Pearson will sell its 50 per cent stake in Lazard Partners which owns the Lazard Brothers business in London and stakes of 7.6 per cent and 8 per cent respectively in Lazard Freres in New York and Paris to Gaz et Eau, a French quoted holding company controlled by the Lazards' chairman Michel David-Weill.
At the same time, Telefonica, which already owns 20 per cent of Pearson's Spanish publishing house Recoletos, is to buy five of the eight per cent stake Lazard holds indirectly in Pearson through the same holding company, Gaz et Eau. As well as pounds 410m in cash Pearson will receive a dividend of pounds 15m on completion of the sale. Pearson also plans to buy out Telefonica's 20 per cent stake in Recoletos, publisher of Expansion, Spain's leading business publication.
John Makinson, the finance director, said the group has high hopes for the relationship with Telefonica, which as well as being the dominant phone company in Spain and large swathes of Latin America, owns stakes in terrestrial and cable television stations including Spain's Antena Tre and Via Digital, where Recoletos is also a shareholder.
Pearson is particularly attracted, he said, by the prospects for jointly growing Internet businesses in the Spanish and Portuguese-speaking world, including the Hispanic market in the US. "Telefonica's Internet site is the biggest in the Spanish language. They are also interested in telecommunications and education, as are we."
The ending of the ties between Pearson and Lazards after 80 years had long been expected.

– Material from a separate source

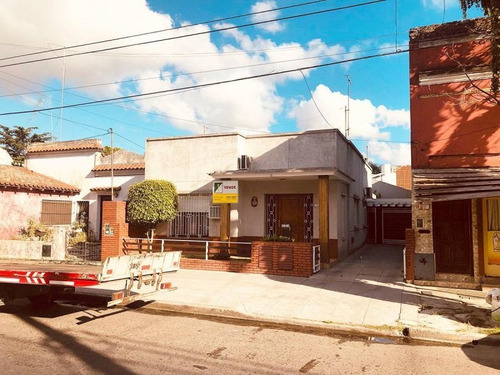 Casa En Venta En Villa Ballester
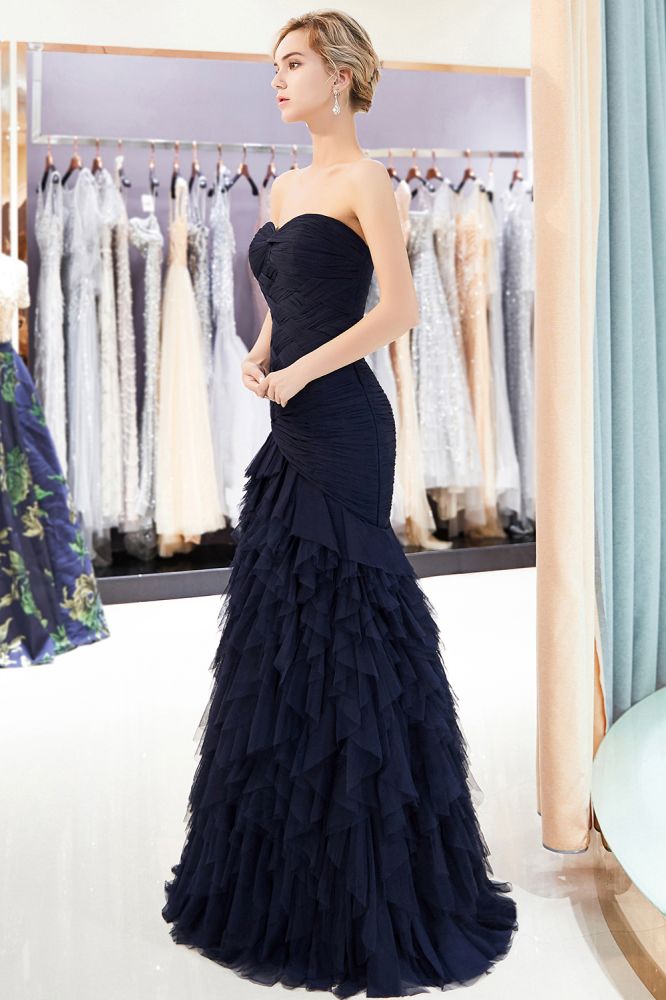 Vestido de noche largo de tul drapeado sin tirantes y escote corazón de sirena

Marjorie Scardino, the Pearson chief executive who has been selling off non core business, had made little secret of her intention to dissolve the partnership when a suitable opportunity arose.
That occurred in the wake of the decision earlier this month by the Lazard houses to simplify the complex ownership structure and bring the New York, Paris and London houses under one roof.